Paul Watson, founder of marine conservation group Sea Shepherd, remarked:
“This man must be stopped from ruthlessly violating international conservation law and bringing such disrepute to the nation of Iceland. There can be no legal justification for this crime. I have viewed plenty of blue whales on the surface, dived with them beneath the surface in West Australia, off the coast of California, in the Southern Ocean and in the waters off Newfoundland. I know a Blue whale when I see one and this whale slaughtered by Kristján Loftsson is a blue whale.”
Dr Peter Richardson, head of ocean recovery at the Marine Conservation Society, told the Telegraph he believed the animal is a blue whale after analyzing the photos:
“This is a deplorable act – the blue whale, the largest animal ever to grace our planet, is endangered and protected under all relevant international agreements.
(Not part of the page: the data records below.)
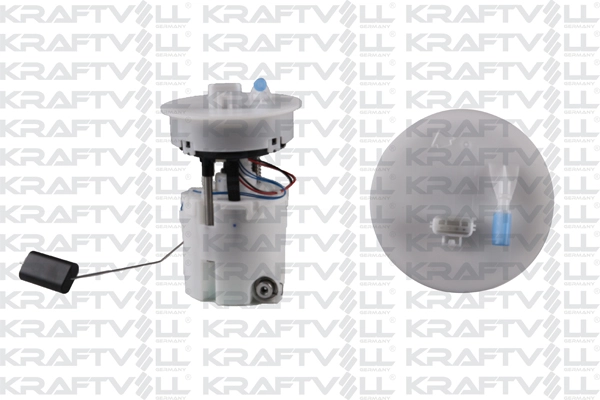 Fuel Feed Unit (05050213)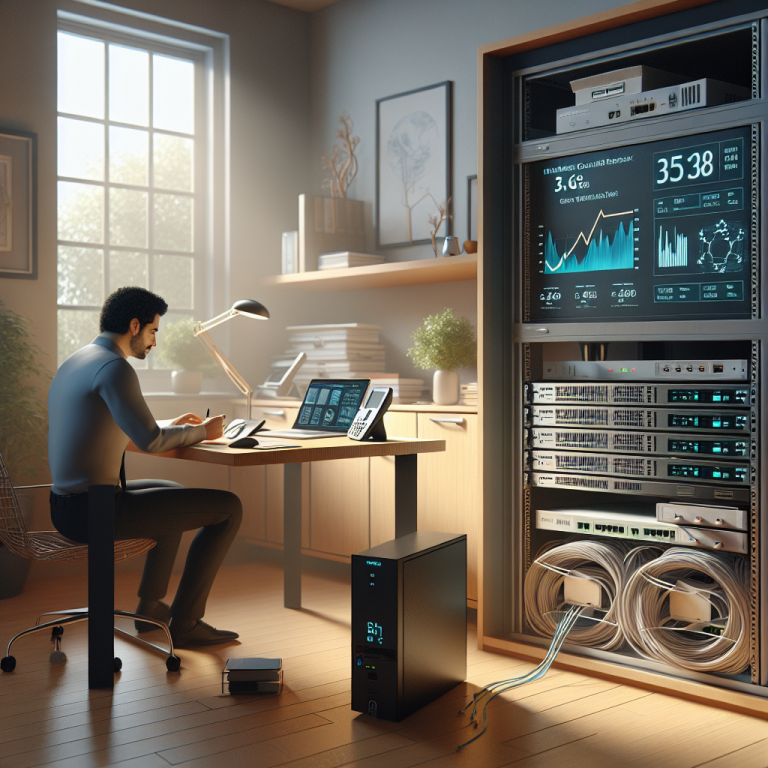 VoIP or Traditional Lines? A Practical Guide to Phone Service for Small Businesses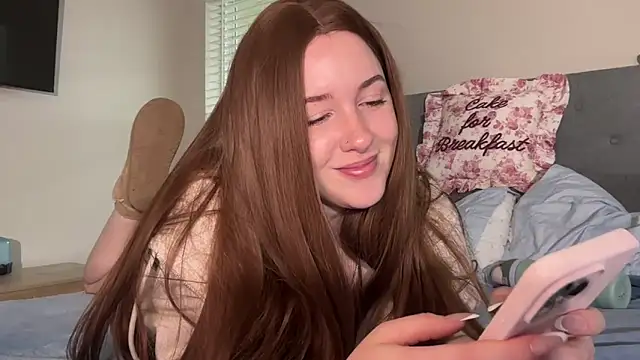 anamira1 online show from March 23, 2026, 3:45 pm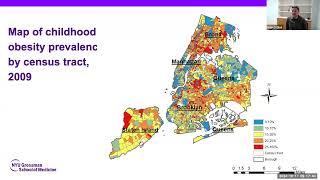 Evaluations of Food Policy in the United States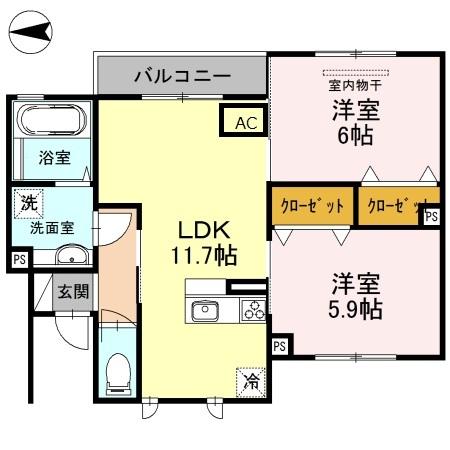 写真:物件の写真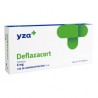 Yza Deflazacort 6Mg 20 Tabs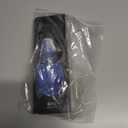 Compatible Apple Watch Band 42mm 44mm, Natural Handmade Wooden Replacement iWatch Series 4 3 2 1 Sports Strap Wristband - Link Remover as a Gift (Black, 42mm/44mm)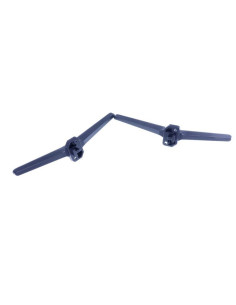 CONJUNTO DE PATAS HISENSE 55A6N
We urge the UK Government, who have historically led global whale conservation efforts, to send the strongest objections to Iceland about the killing of this iconic species.”
The last case of a blue whale being deliberately captured and killed was recorded 40 years ago off the coast of Spain. If Loftsson, the world’s last commercial hunter of fin whales who tells the whale watchers to “look somewhere else” when they his boats, has his way, blue whales with an estimated worldwide population of 10,000 to 25,000 may not take long to go extinct.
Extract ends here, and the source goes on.